EXERCISE DATA
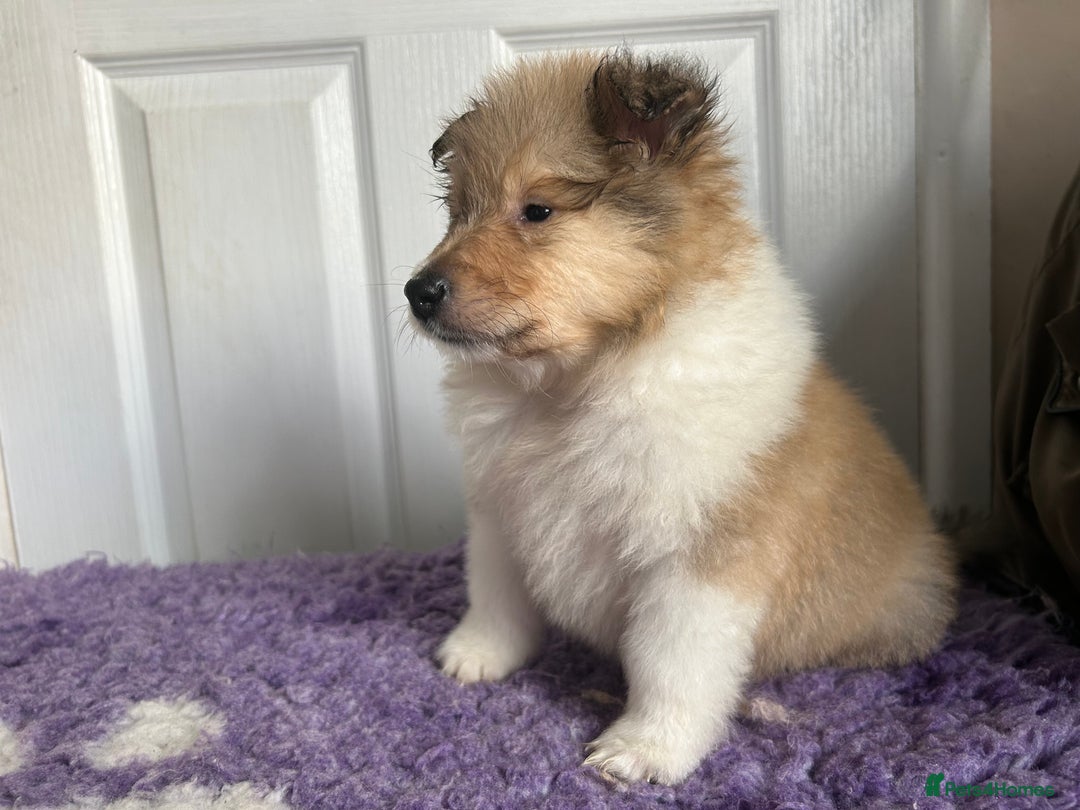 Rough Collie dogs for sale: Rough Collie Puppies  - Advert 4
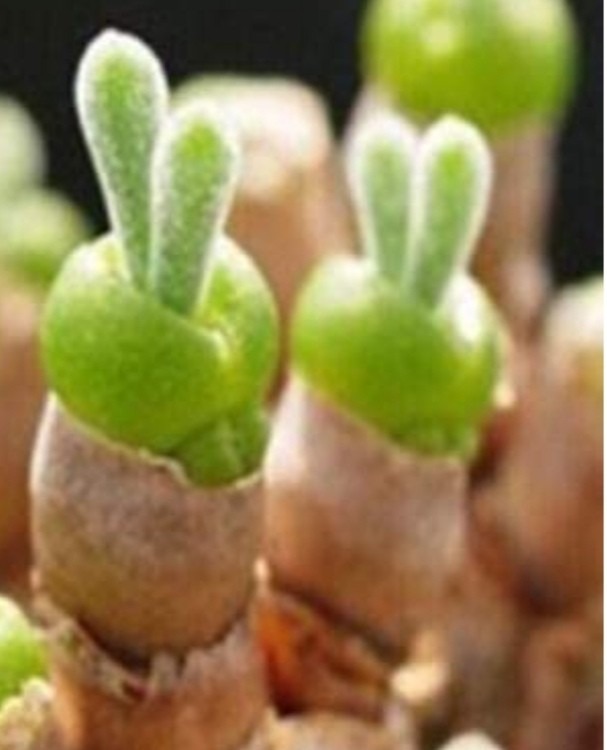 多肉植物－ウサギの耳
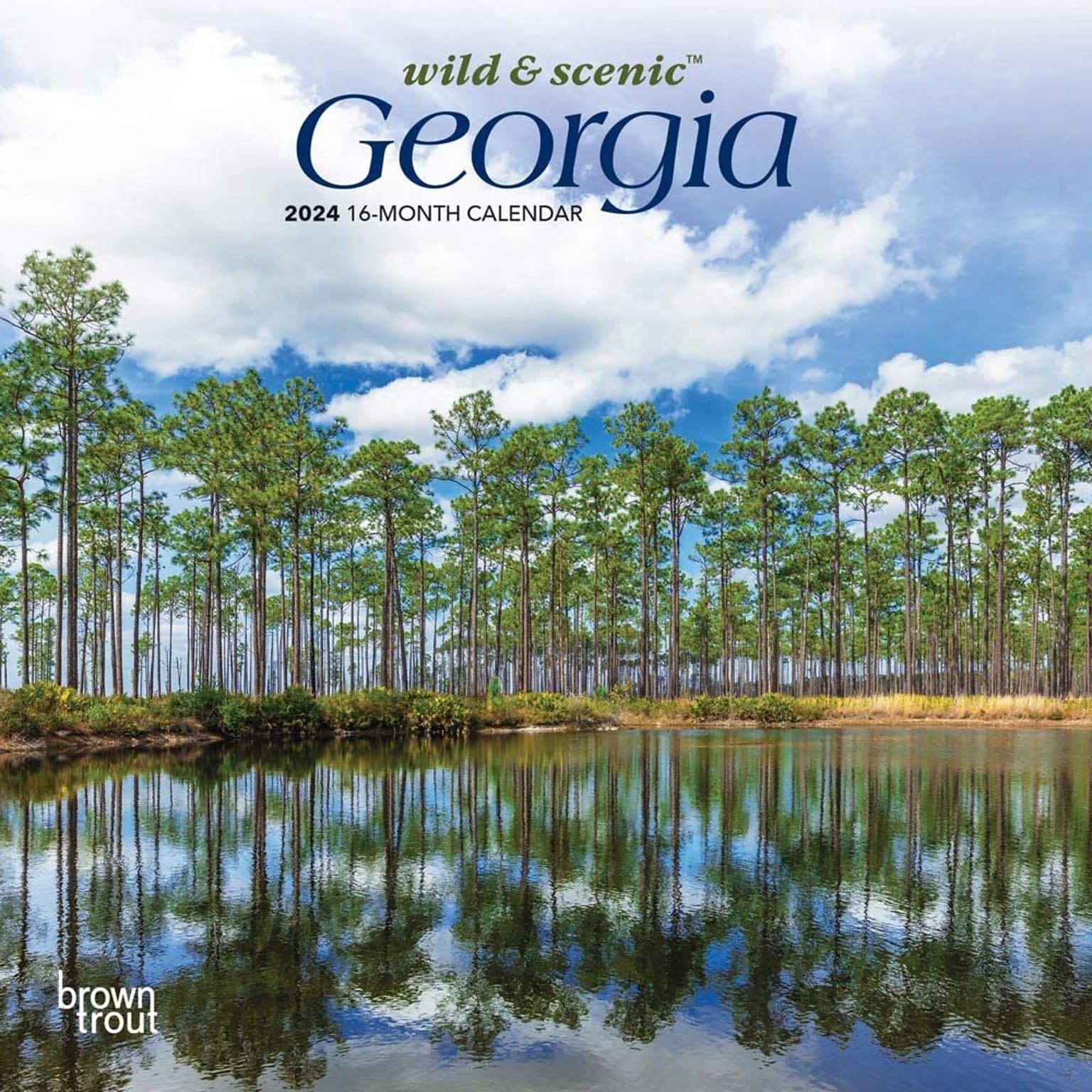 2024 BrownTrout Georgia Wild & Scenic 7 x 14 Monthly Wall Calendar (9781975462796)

---

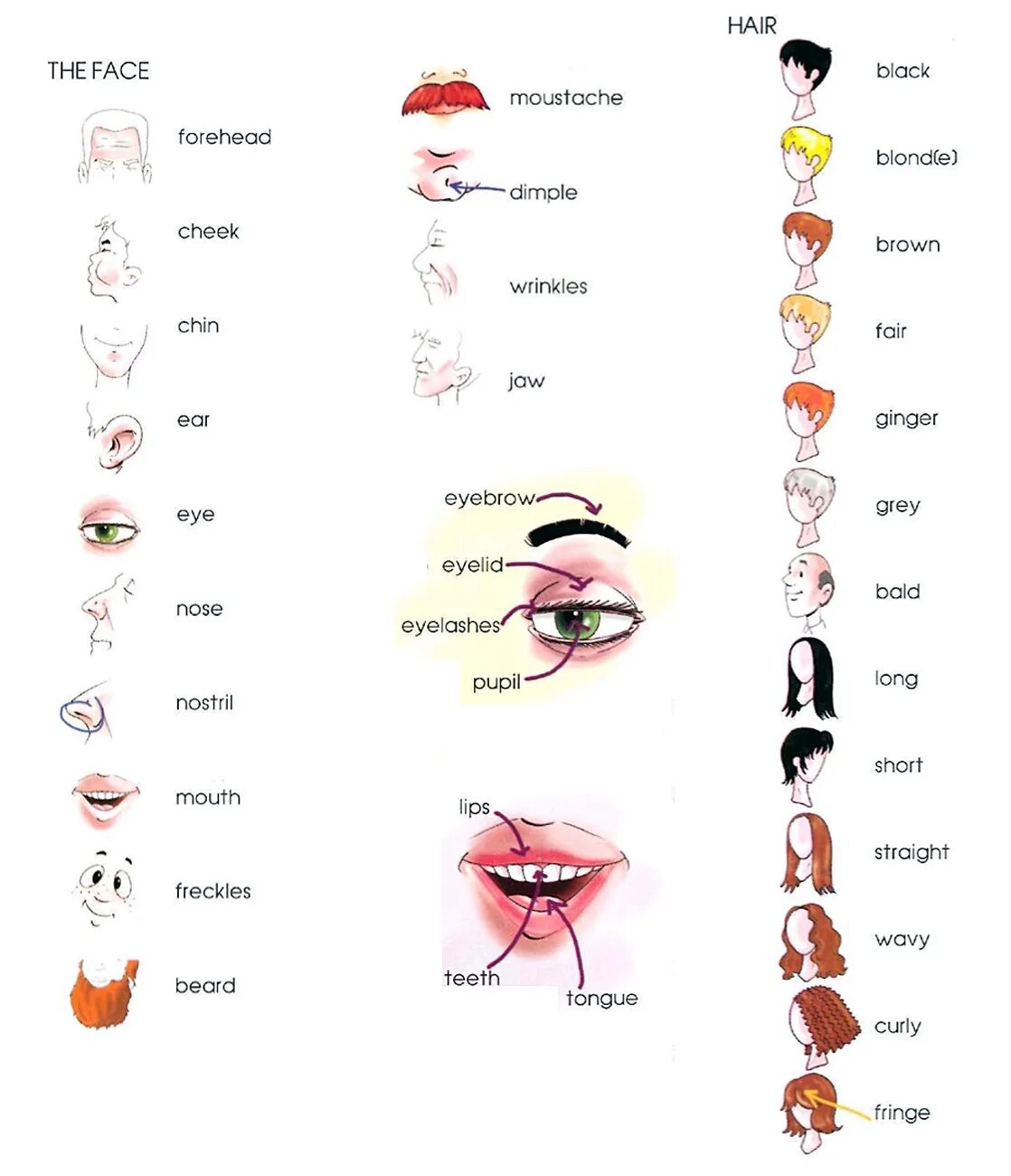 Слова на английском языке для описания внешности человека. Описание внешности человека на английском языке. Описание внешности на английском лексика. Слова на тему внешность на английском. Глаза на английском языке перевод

--

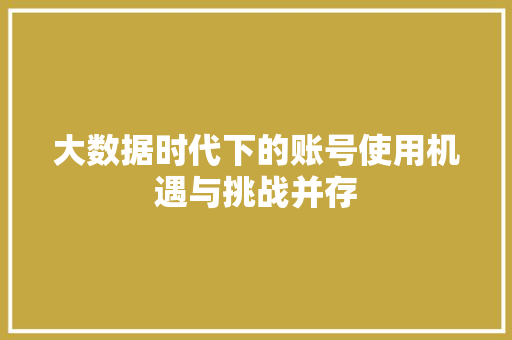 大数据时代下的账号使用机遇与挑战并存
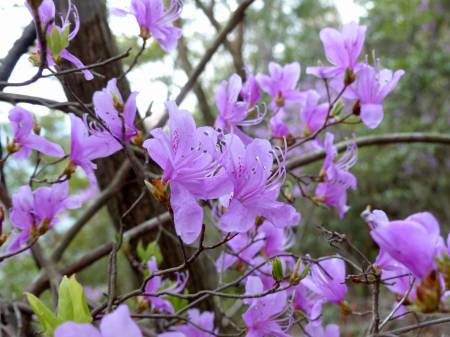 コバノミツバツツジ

TRY IT
With pictures excluded, reproduce exactly the lines above from the one containing "Rough Collie dogs" down to the one containing "2024 BrownTrout Georgia", those two included.

ANSWER FOR THIS EXERCISE
 Rough Collie dogs for sale: Rough Collie Puppies  - Advert 4
 多肉植物－ウサギの耳
 2024 BrownTrout Georgia Wild & Scenic 7 x 14 Monthly Wall Calendar (9781975462796)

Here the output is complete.